Problem description:
Everything from the line containing "Casual happy man" through the final line of the entries must be repeated exactly, and only that, without pictures.

Entries shown:
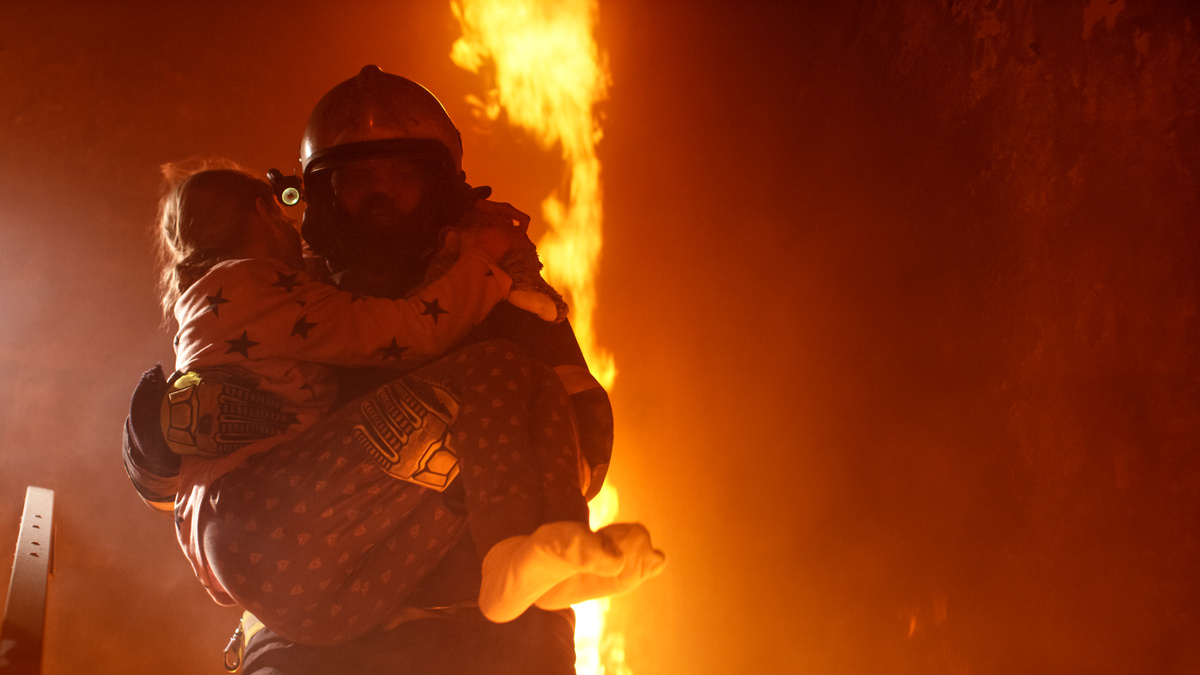 Bombeiro carregando criança em colo, com cenário atrás dele em chamas, representando o ato de salvar alguém.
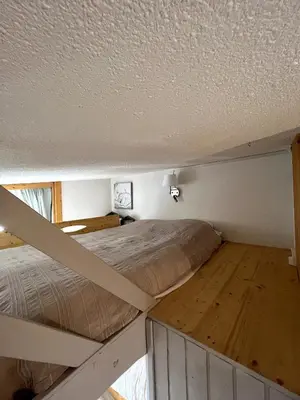 Un ou plusieurs lits dans un hébergement de l'établissement Duplex Belles Challes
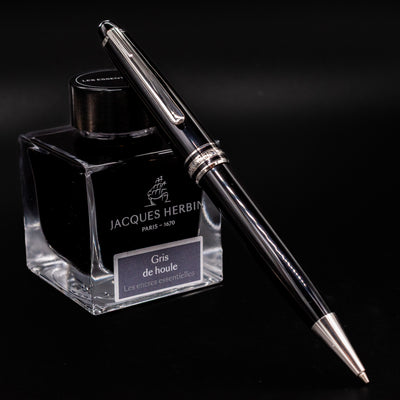 Montblanc Meisterstuck 165P Black and Platinum Mechanical Pencil resting on Jacques Herbin ink bottle - Preowned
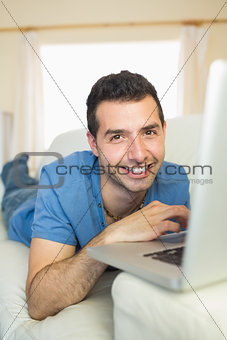 Casual happy man sitting on couch using laptop looking at camera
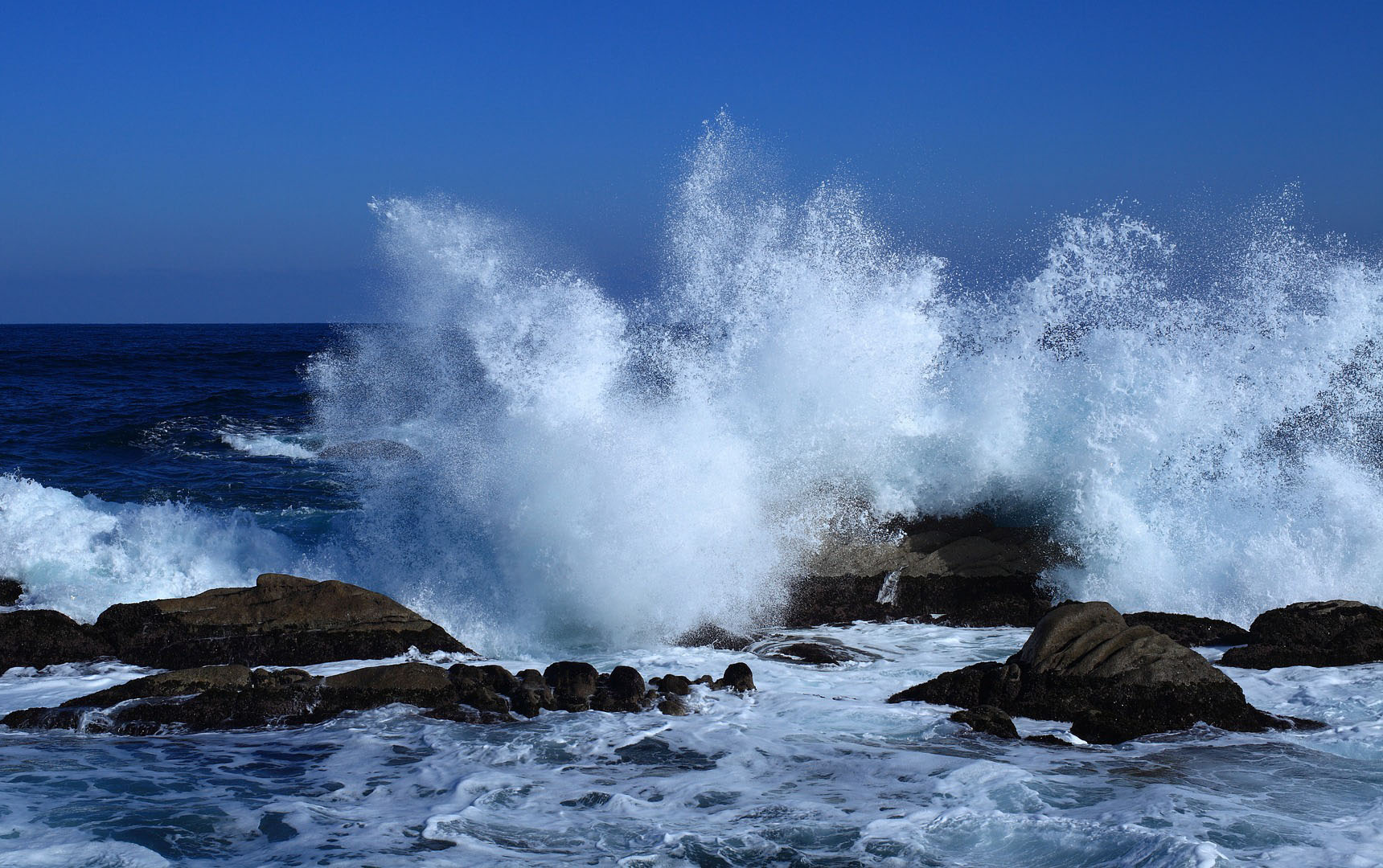 Vågor som slår in över klippor.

Task solution:
 Casual happy man sitting on couch using laptop looking at camera
 Vågor som slår in över klippor.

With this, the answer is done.